Below are records with pictures. Transcribe exactly, and only, the lines from the line with "San Juan: Bioluminescent" to the line with "Gilded Lace Shawl", both ends included, but not the pictures.

■ Extracted information:
━━━━━━━━

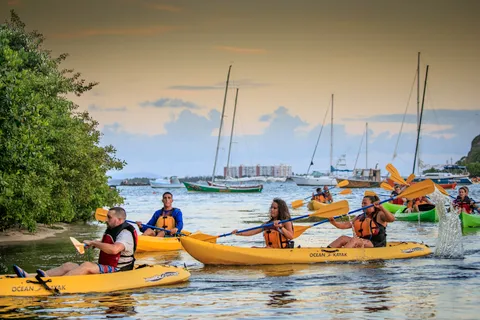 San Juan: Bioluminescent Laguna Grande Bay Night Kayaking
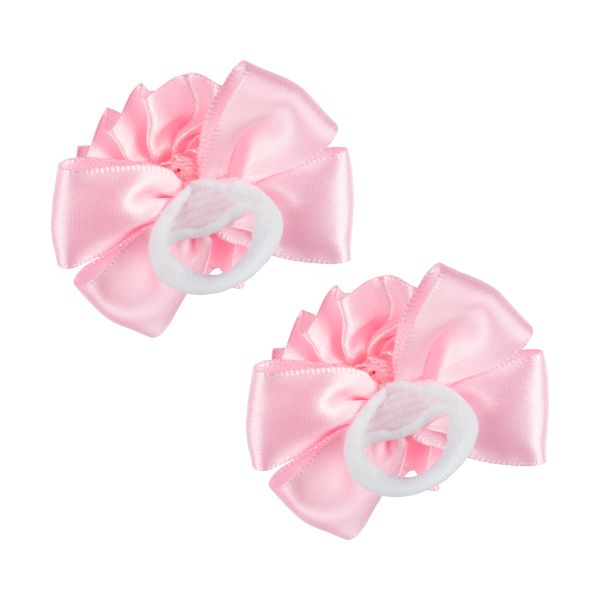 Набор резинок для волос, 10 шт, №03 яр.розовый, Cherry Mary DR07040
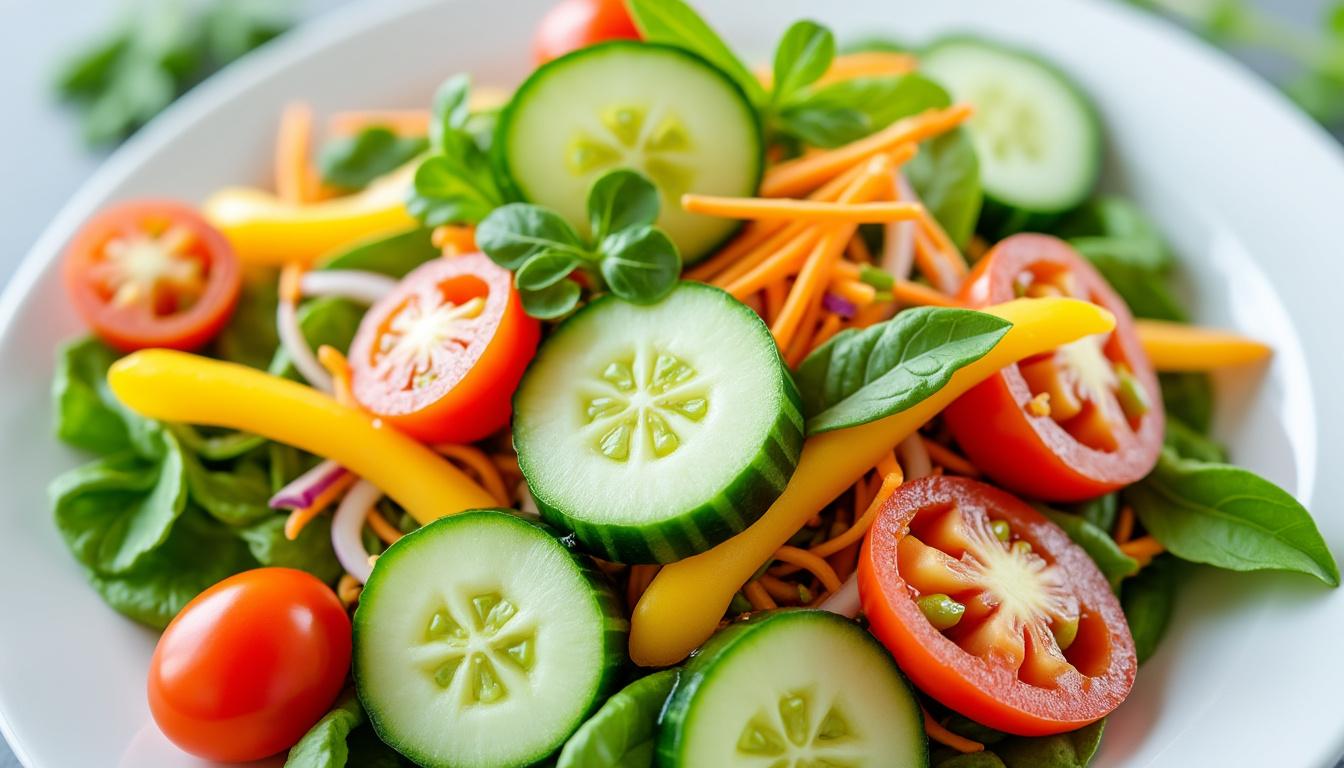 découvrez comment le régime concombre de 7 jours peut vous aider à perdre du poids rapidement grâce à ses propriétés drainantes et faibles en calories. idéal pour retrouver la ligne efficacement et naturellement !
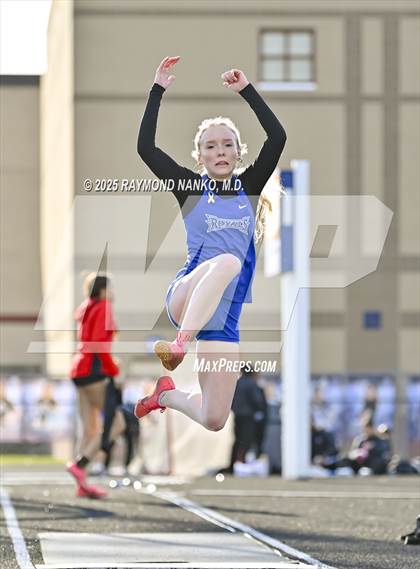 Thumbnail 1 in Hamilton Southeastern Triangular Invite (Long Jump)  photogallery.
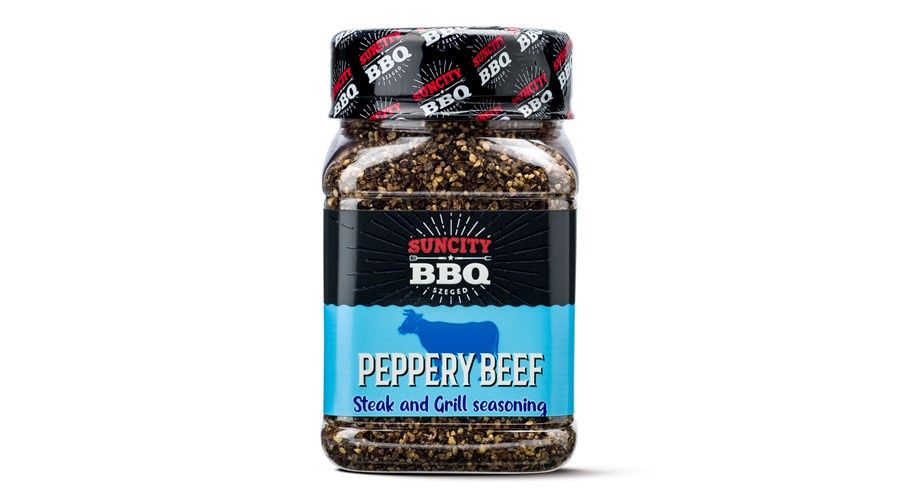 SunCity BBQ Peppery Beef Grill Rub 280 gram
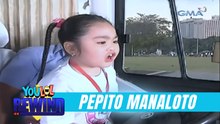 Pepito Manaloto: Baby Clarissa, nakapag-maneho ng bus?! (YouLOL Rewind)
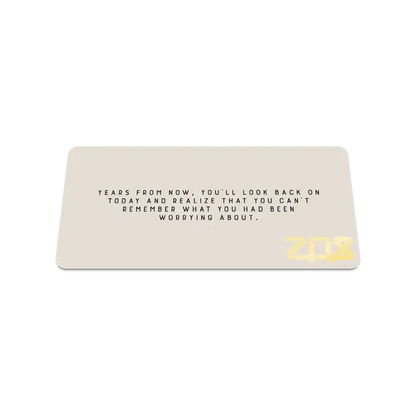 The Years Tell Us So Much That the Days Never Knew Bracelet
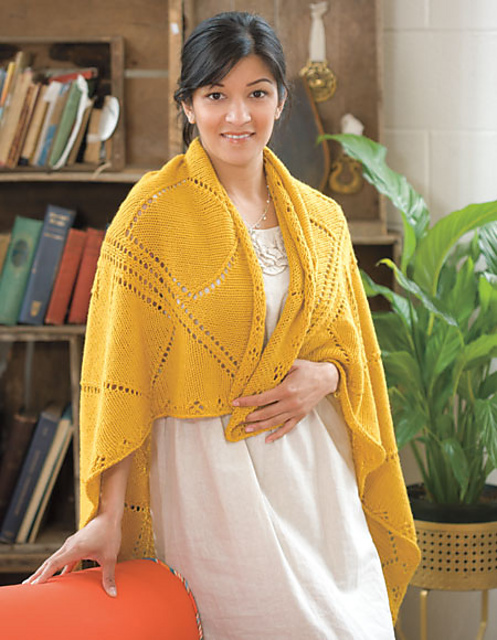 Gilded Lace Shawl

━━━━━━━━

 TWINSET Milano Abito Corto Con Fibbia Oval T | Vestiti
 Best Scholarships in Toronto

━━━━━━━━

■ Task response:
 San Juan: Bioluminescent Laguna Grande Bay Night Kayaking
 Набор резинок для волос, 10 шт, №03 яр.розовый, Cherry Mary DR07040
 découvrez comment le régime concombre de 7 jours peut vous aider à perdre du poids rapidement grâce à ses propriétés drainantes et faibles en calories. idéal pour retrouver la ligne efficacement et naturellement !
 Thumbnail 1 in Hamilton Southeastern Triangular Invite (Long Jump)  photogallery.
 SunCity BBQ Peppery Beef Grill Rub 280 gram
 Pepito Manaloto: Baby Clarissa, nakapag-maneho ng bus?! (YouLOL Rewind)
 The Years Tell Us So Much That the Days Never Knew Bracelet
 Gilded Lace Shawl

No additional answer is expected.